Japan’s Kansai Electric Power Company (KEPCO) said on Monday that a nuclear reactor at its Takahama power plant shut down automatically after a problem with a generator triggered an alarm.
The No. 4 reactor, which was brought back online last Friday, was deactivated after an automatic alarm system prompted control rods to be inserted according to the Japan Times
The latest incident follows a radioactive water leak at the same plant just over a week ago, amid a government push to restart reactors five years after the Fukushima disaster.

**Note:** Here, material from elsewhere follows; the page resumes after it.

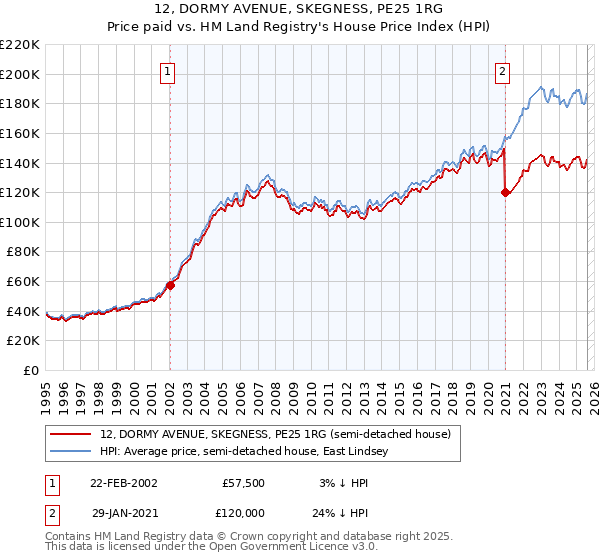 12, DORMY AVENUE, SKEGNESS, PE25 1RG: Price paid vs HM Land Registry's House Price Index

There is no problem with the reactor’s cooling system, the company said. KEPCO was trying to send power to the grid from the reactor when the turbine shut down, which led to the automatic shutdown of the entire reactor, a company spokesman said. He added the company does not know yet when the reactor would be ready to restart.
The No. 4 reactor at the plant, located some 380 km from Tokyo, was brought back online last Friday.
Shortly after, Kansai said it discovered an 8-liter pool with traces of the contaminated water across the floor, indicating that a total of 34 liters had managed to spill. This amounts to about 64,000 becquerels of radioactive waste.
The 30-year-old No. 4 reactor at Takahama has been idle since the 2011 shutdown, following a decision to take all Japanese reactors offline for scheduled backups. Takahama’s No. 3 reactor was activated earlier in January. Another two reactors at the Kyushu Electric Power Co.’s Sendai plant were restarted last year.